Efektivitas ISIS dalam mempengaruhi orang-orang membuat khawatir para ahli anti-terorisme, yang takut para pengikut ISIS mungkin terlibat dalam serangan-serangan, baik bersama kelompok militan tersebut atau aksi terorisme sendiri yang dilakukan atas nama kelompok tersebut.
Pihak berwenang AS baru-baru ini mengeluarkan peringatan atas serangan potensial melawan pasukan AS di tanah Amerika.
Para peneliti di University of Milan menganalisis lebih dari dua juta konten media sosial dari Juli sampai Oktober dan mereka menemukan bahwa sentimen terhadap ISIS lebih kuat di Eropa dan Amerika Serikat dibandingkan di Suriah dan Irak di antara konten-konten berbahasa Arab di situs-situs media sosial seperti Twitter dan Facebook.
Di Suriah, kelompok tersebut digambarkan dalam kesan positif pada hanya 8 persen konten, sementara di Irak 19,7 persen, menurut laporan yang dikeluarkan oleh lembaga baru “Voices of the Blogs,” yang beranggotakan peneliti-peneliti Italia.
Sebaliknya, dukungan untuk ISIS di negara-negara Eropa jauh lebih tinggi, dengan 31 persen di Belgia, 24 persen di Inggris dan 20,8 persen di Perancis.
Negara-negara dengan tingkat dukungan media sosial tertinggi untuk ISIS adalah Qatar, 47 persen dan Pakistan, 35 persen.
Di AS, dukungan untuk ISIS di antara poster-poster berbahasa Arab di Facebook dan Twitter adalah 21,4 persen, menurut studi tersebut.
"Mereka yang mengalami perang, yang terancam dan menghadapi bahaya akan memiliki pendapat berbeda terhadap organisasi teroris," ujar Erin Saltman dari Yayasan Quilliam di London, sebuah lembaga pemikiran kontra-terorisme.
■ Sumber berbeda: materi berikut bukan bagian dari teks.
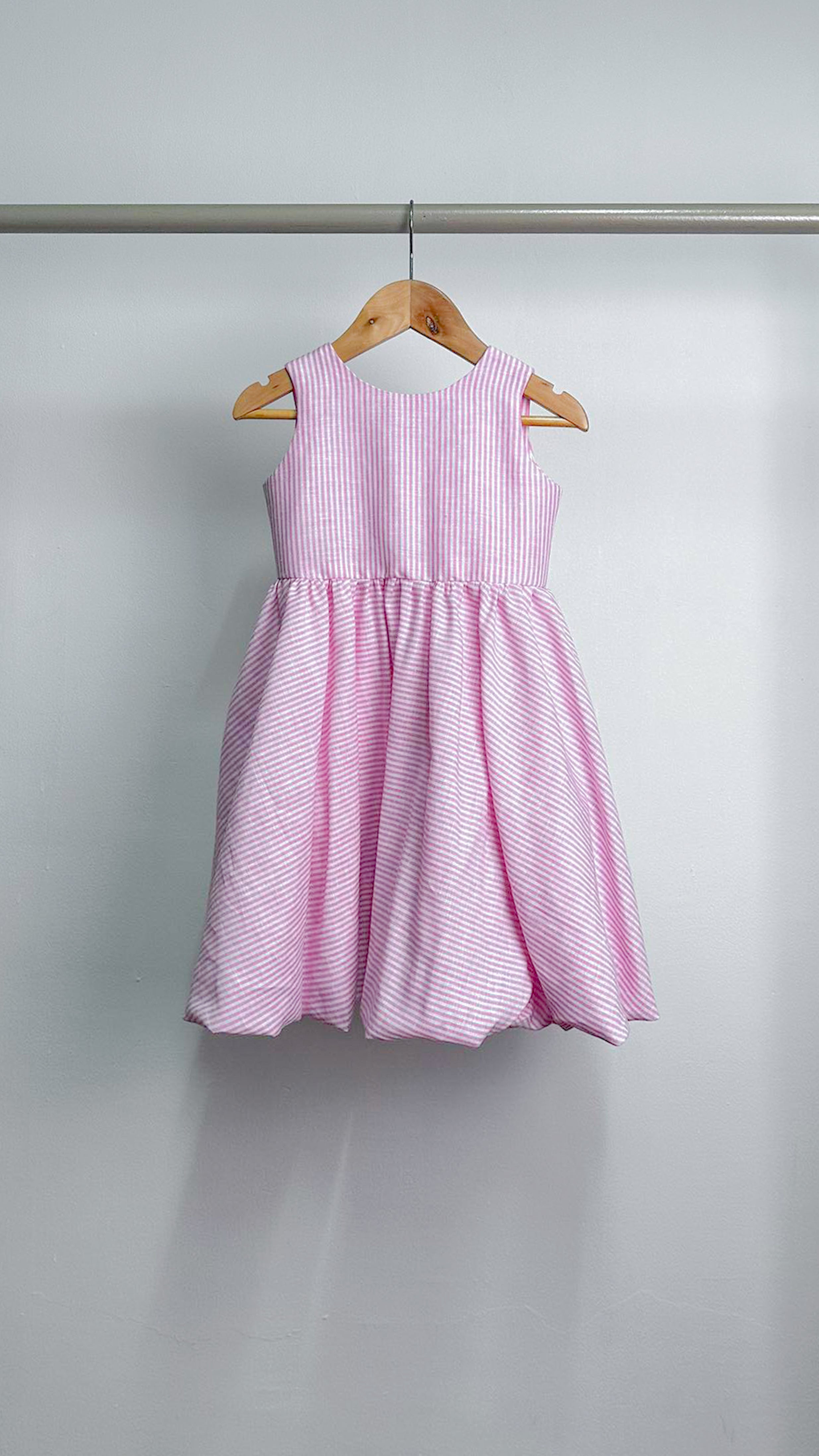 Sleeveless Midi Dress with Mushroom Hem Skirt - Baby Pink Stripe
"Sementara semakin jauh dari kekerasan, semakin mudah orang-orang bersimpati dengan propaganda dan teologi, bahwa hasil akhir menjustifikasi cara."
Alasan-alasan utama untuk mendukung ISIS termasuk "membela Islam" (35,7 persen), "penyebaran agama" (26,2 persen) dan "pembangunan negara" (17,4 persen). Bahwa ISIS adalah reaksi melawan Barat hanya dikutip oleh 8,3 persen konten media sosial.
Mereka yang kritis terhadap ISIS beralasan bahwa kelompok itu "menggunakan agama untuk tujuan politik" (32,8 persen), kekerasan (28,9 persen) dan "melawan kebebasan (termasuk kebebasan agama)" (17 persen).
Tiga perempat konten yang dianalisa dibuat oleh pria, menurut penelitian tersebut.
Tim peneliti Italia tersebut mengatakan metode-metode mereka memiliki tingkat akurasi 95-98 persen.